||It has been suggested that Service-Dominant Strategy Canvas be merged into this article. (Discuss) Proposed since January 2016.|
Radical reformulation of marketing happens and arguably is part of the dynamic tension just under the surface calm of any discipline. But not since Lynn Shostack’s call to marketers to "break free" from goods marketing in 1977 has a new reconfiguration of general marketing logic attracted so much interest so quickly. The catalyst for this interest was the publication of an award-winning article by Stephen Vargo and Robert Lusch in the January 2004 issue of Journal of Marketing entitled "Evolving to a New Dominant Logic for Marketing". This was followed in the same year by an article from the same authors in the Journal of Service Research, directly challenging the efficacy of the characteristic differentiators between services and goods (intangibility, heterogeneity, inseparability and perishability). In 2005, an international group of academics led by David Ballantyne met to discuss these issues at The Otago Forum (2005, 2008, 2011), with special issues of major marketing journals emerging, as a consequence. Other international interest emerged that broadened to include service management and service science. This broadened interest is reflected in the Naples Forum on Service (2009, 2011,and 2013) that has a special focus on service systems and networks, service science and service-dominant logic. Lusch and Vargo, established the Forum on Markets and Marketing (FMM), which was held in 2008 at the University of New South Wales, in 2010 at Cambridge University, in 2012 at the University of Auckland, and in 2014 at the CTF, Service Research Center Karlstad University, Sweden. FMM, now a biennial event was established as a service-dominant (S-D) logic-based forum to: (1) explore foundational and theoretical issues related to marketing, including the understanding of markets and marketing systems and (2) further the development of S-D logic.
What is S-D Logic?
Marketing inherited a model of exchange from economics, which had a dominant logic based on the exchange of "goods", which usually are manufactured output. The dominant logic focused on tangible resources, embedded value, and transactions. Over the past several decades, new perspectives have emerged that have a revised logic focused on intangible resources, the co-creation of value, and relationships. The new perspectives are converging to form a new dominant logic for marketing, one in which service provision rather than goods is fundamental to economic exchange. Vargo and Morgan (2005) provide a historical review of economic and philosophical thought that led to the dominant logic surround goods or manufactured output.
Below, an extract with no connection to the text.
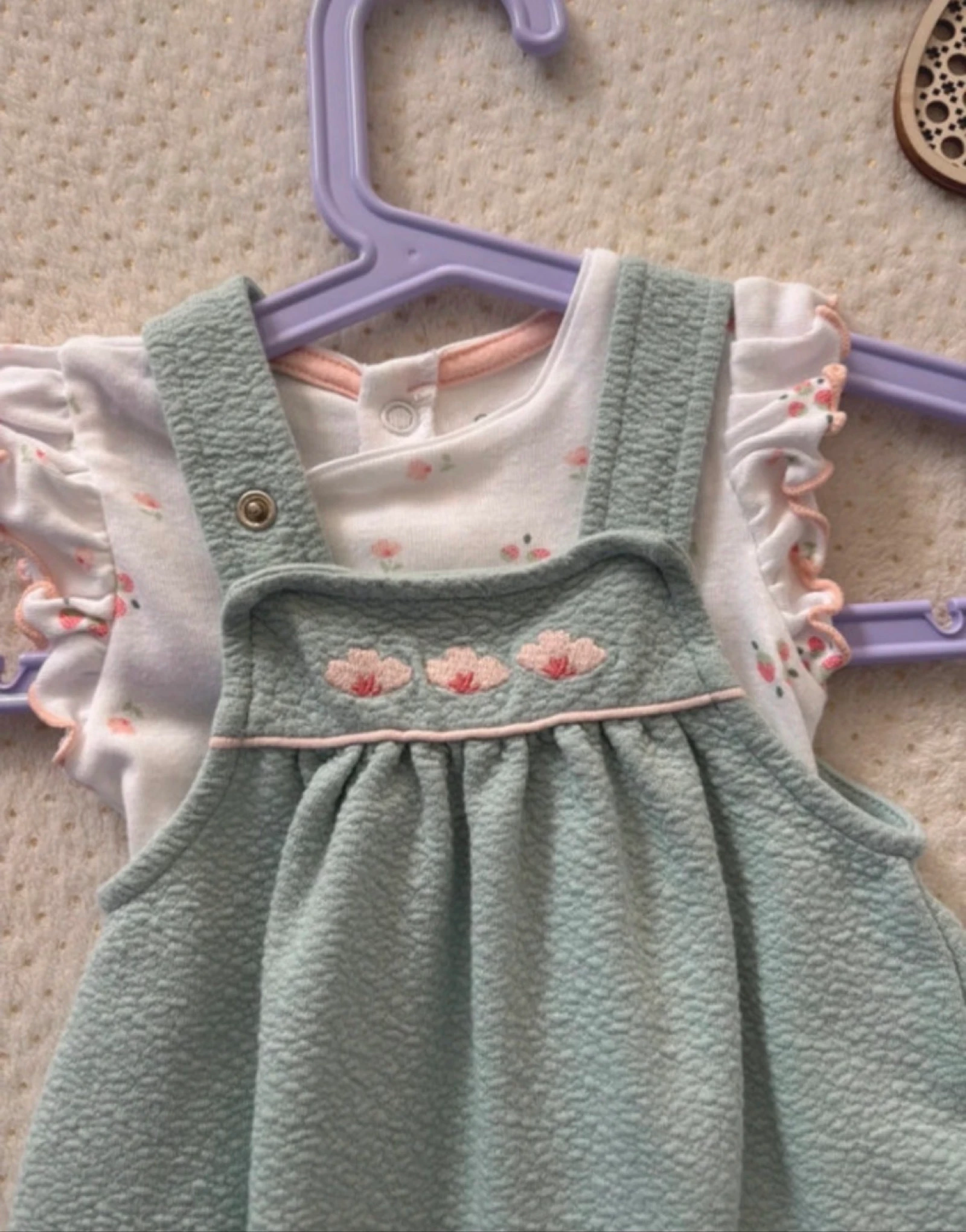Set 3 maanden collectie 2025 – photo 2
S-D Logic is built on ten foundational premises. Eight of these were put forth in the initial Vargo and Lusch 2004a article in the Journal of Marketing. Two additional premises have been added since and appear in their 2008a article in the Journal of the Academy of Marketing Science.
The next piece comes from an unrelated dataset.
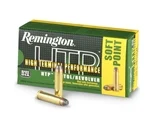 Remington HTP 357 Magnum Ammo 158 Grain Soft Point - RTP357M3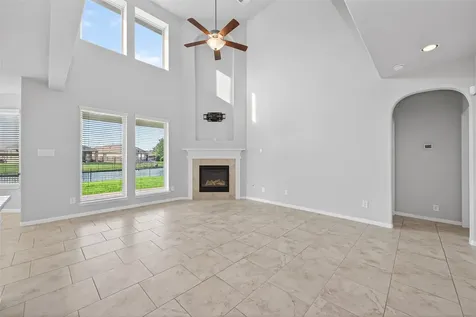 3795 Lake Bend Shore Drive Spring TX 77386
|Foundational premise||Explanation and comment|
|FP1||Service is the fundamental basis of exchange.||The application of operant resources (knowledge and skills), "service," as defined in S-D logic, is the basis for all exchange. Service is exchanged for service.|
|FP2||Indirect exchange masks the fundamental basis of exchange.||Because service is provided through complex combinations of goods, money, and institutions, the service basis of exchange is not always apparent.|
|FP3||Goods are a distribution mechanism for service provision.||Goods (both durable and non-durable) derive their value through use – the service they provide.|
|FP4||Operant resources are the fundamental source of competitive advantage.||The comparative ability to cause desired change drives competition.|
|FP5||All economies are service economies.||Service (singular) is only now becoming more apparent with increased specialization and outsourcing.|
|FP6||The customer is always a co-creator of value.||Implies value creation is interactional.|
|FP7||The enterprise cannot deliver value, but only offer value propositions.||Enterprises can offer their applied resources for value creation and collaboratively (interactively) create value following acceptance of value propositions, but can not create and/or deliver value independently.|
|FP8||A service-centered view is inherently customer oriented and relational||Because service is defined in terms of customer-determined benefit and co-created it is inherently customer oriented and relational.|
|FP9||All social and economic actors are resource integrators.||Implies the context of value creation is networks of networks (resource integrators).|
|FP10||Value is always uniquely and phenomenologically determined by the beneficiary||Value is idiosyncratic, experiential, contextual, and meaning-laden.|
Since then, Vargo and Lusch have realized that some of the original FPs could be derived from others and, thus, have identified four FPs from this expanded set of ten as particularly foundational, essentially the axioms of S-D logic. These four FPs are: FP1, FP6, FP9 and FP10.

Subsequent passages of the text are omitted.